Dieu ! Quelle ville ! Jusqu’ici il n’a rien vu de semblable. Là-bas, dans le pays d’où il est venu, voici quelque temps, il n’y avait, de nuit, dans chaque rue enténébrée, qu’une seule lanterne d’allumée. Les maisonnettes de bois, très basses, avaient, toutes, leurs volet clos. Dès qu’il faisait noir, il n’y avait plus personne sur la chaussée ; tous les habitants s’enfermaient chez eux ; on ne rencontrait que des troupes de chiens, des centaines de chiens qui hurlaient dans la nuit épaisse.

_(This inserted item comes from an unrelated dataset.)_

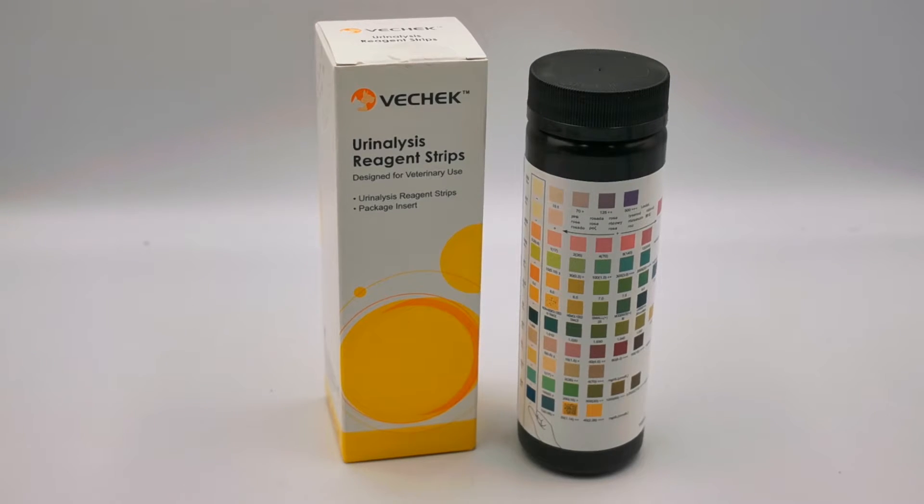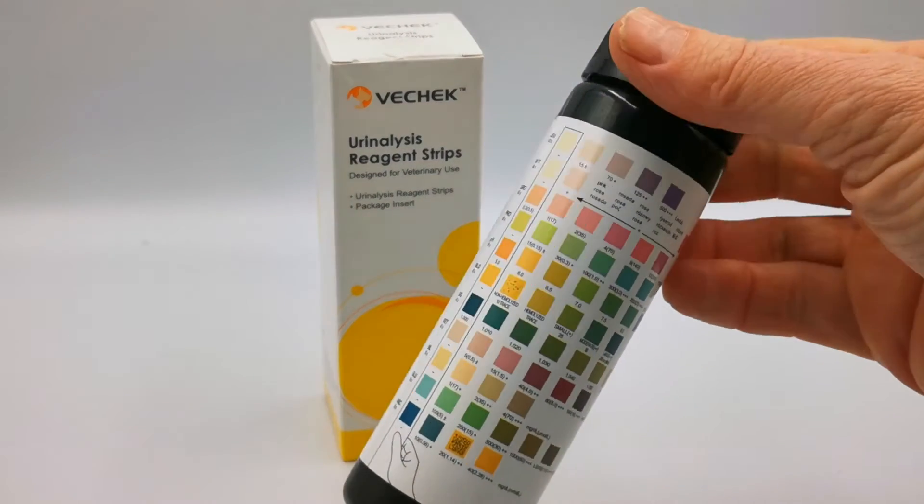Welcome to this ValueMed product demonstration video showing you what you get if you buy a pack of the V-Check urinalysis reagent strips. These are designed for veterinary use. They cover 11 common parameters which vets use to dip urine and diagnose health issues in dogs, cats and a variety of other small and large mammals. So let's just run you through the 11 parameters that you get.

Mais comme il avait chaud chez lui ! Et on lui donnait à manger là-bas ! Ah ! si l’on pouvait seulement manger, ici !

Mais quel bruit dans cette ville et quelle lumière ! Que de gens circulent dans cette clarté ; et tant de voitures et ce bruit qu’elles font ! Mais, surtout, quel froid, quel froid ! Et la faim qui le reprend… L’onglée lui fait un mal !… Un agent de police passe et détourne la tête pour ne pas voir le petit vagabond.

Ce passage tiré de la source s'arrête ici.